* WHAT IS REQUIRED:
Find the line with "Under objective today, I" and the line with "I'm going to bring" in the entries below; output exactly those two lines, every line between them, and no others.

* INPUT DATA:
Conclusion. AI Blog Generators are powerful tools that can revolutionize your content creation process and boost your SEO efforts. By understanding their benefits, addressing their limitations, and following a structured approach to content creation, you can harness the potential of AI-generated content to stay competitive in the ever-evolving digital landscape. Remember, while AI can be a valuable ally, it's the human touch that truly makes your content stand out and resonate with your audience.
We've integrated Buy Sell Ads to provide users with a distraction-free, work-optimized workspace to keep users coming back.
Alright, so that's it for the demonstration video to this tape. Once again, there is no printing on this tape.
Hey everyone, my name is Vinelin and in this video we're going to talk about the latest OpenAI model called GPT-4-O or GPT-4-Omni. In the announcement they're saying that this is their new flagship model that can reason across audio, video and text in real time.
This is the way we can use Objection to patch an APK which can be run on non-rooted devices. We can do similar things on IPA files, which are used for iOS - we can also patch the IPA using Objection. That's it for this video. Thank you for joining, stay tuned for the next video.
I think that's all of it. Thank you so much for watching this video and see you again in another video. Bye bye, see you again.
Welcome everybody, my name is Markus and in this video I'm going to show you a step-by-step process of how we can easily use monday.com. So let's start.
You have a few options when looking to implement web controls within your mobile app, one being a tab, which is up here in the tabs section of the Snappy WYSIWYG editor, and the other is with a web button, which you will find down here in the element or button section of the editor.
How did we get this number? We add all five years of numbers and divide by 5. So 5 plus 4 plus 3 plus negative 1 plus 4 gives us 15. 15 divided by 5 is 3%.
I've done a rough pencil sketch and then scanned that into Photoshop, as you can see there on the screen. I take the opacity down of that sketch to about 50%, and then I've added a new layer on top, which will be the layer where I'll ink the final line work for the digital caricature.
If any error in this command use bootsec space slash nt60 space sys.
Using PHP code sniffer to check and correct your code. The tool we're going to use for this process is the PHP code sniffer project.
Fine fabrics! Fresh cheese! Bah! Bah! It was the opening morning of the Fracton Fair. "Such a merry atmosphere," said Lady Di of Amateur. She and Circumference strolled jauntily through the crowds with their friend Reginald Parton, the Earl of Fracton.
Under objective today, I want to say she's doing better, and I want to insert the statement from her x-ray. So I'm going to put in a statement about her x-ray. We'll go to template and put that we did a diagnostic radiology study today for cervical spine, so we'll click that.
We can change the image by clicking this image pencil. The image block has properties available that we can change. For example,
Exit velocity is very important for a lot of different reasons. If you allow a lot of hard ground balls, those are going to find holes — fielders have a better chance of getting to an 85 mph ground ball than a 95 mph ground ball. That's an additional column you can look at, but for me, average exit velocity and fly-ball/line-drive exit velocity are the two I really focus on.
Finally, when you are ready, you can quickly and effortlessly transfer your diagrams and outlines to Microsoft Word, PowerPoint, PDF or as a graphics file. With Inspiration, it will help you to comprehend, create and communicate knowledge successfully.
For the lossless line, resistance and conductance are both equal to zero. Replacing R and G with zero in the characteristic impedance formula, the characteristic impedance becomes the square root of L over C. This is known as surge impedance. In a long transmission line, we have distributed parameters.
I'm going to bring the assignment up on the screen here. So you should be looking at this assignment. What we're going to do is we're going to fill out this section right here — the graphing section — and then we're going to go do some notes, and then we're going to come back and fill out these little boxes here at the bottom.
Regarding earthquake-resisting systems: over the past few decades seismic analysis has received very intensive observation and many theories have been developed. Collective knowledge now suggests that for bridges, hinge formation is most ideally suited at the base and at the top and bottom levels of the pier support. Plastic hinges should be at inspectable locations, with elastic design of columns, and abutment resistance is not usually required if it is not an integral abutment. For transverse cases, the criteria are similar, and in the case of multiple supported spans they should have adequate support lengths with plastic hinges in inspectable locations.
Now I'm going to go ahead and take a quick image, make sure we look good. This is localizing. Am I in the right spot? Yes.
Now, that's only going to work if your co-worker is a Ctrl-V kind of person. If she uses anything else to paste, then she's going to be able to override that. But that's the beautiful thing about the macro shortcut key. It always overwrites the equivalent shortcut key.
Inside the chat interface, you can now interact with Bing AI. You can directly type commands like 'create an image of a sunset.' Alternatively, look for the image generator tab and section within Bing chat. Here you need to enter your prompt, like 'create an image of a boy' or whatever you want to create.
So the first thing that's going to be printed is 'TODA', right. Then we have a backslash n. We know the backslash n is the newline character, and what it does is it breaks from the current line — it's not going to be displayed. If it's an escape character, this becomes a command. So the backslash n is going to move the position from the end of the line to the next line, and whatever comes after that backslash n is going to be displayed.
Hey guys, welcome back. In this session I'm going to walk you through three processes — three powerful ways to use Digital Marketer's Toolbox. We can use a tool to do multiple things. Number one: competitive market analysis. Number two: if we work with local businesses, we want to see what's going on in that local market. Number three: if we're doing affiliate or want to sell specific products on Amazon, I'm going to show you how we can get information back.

* TASK ANSWER:
Under objective today, I want to say she's doing better, and I want to insert the statement from her x-ray. So I'm going to put in a statement about her x-ray. We'll go to template and put that we did a diagnostic radiology study today for cervical spine, so we'll click that.
We can change the image by clicking this image pencil. The image block has properties available that we can change. For example,
Exit velocity is very important for a lot of different reasons. If you allow a lot of hard ground balls, those are going to find holes — fielders have a better chance of getting to an 85 mph ground ball than a 95 mph ground ball. That's an additional column you can look at, but for me, average exit velocity and fly-ball/line-drive exit velocity are the two I really focus on.
Finally, when you are ready, you can quickly and effortlessly transfer your diagrams and outlines to Microsoft Word, PowerPoint, PDF or as a graphics file. With Inspiration, it will help you to comprehend, create and communicate knowledge successfully.
For the lossless line, resistance and conductance are both equal to zero. Replacing R and G with zero in the characteristic impedance formula, the characteristic impedance becomes the square root of L over C. This is known as surge impedance. In a long transmission line, we have distributed parameters.
I'm going to bring the assignment up on the screen here. So you should be looking at this assignment. What we're going to do is we're going to fill out this section right here — the graphing section — and then we're going to go do some notes, and then we're going to come back and fill out these little boxes here at the bottom.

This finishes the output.